### DATA TO PROCESS

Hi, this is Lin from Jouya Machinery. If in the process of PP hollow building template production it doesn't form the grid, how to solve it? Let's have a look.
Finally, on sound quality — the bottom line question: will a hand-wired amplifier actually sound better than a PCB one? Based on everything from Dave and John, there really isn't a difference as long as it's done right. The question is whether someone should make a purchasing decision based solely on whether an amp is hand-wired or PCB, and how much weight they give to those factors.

==

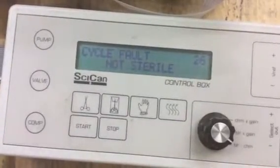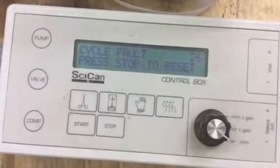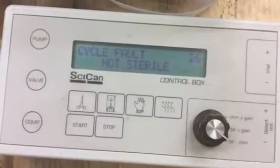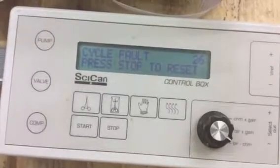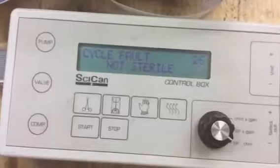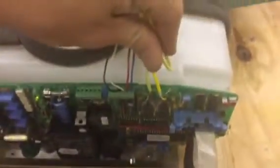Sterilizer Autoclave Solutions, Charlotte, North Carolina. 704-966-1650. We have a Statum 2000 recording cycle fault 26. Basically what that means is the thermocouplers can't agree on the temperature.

### TASK TO CARRY OUT
Retype only the stretch of lines above starting at the one with "Hi, this is" and stopping at the one with "Finally, on sound", exactly as written, with both kept.

### SOLVED PROBLEM
Hi, this is Lin from Jouya Machinery. If in the process of PP hollow building template production it doesn't form the grid, how to solve it? Let's have a look.
Finally, on sound quality — the bottom line question: will a hand-wired amplifier actually sound better than a PCB one? Based on everything from Dave and John, there really isn't a difference as long as it's done right. The question is whether someone should make a purchasing decision based solely on whether an amp is hand-wired or PCB, and how much weight they give to those factors.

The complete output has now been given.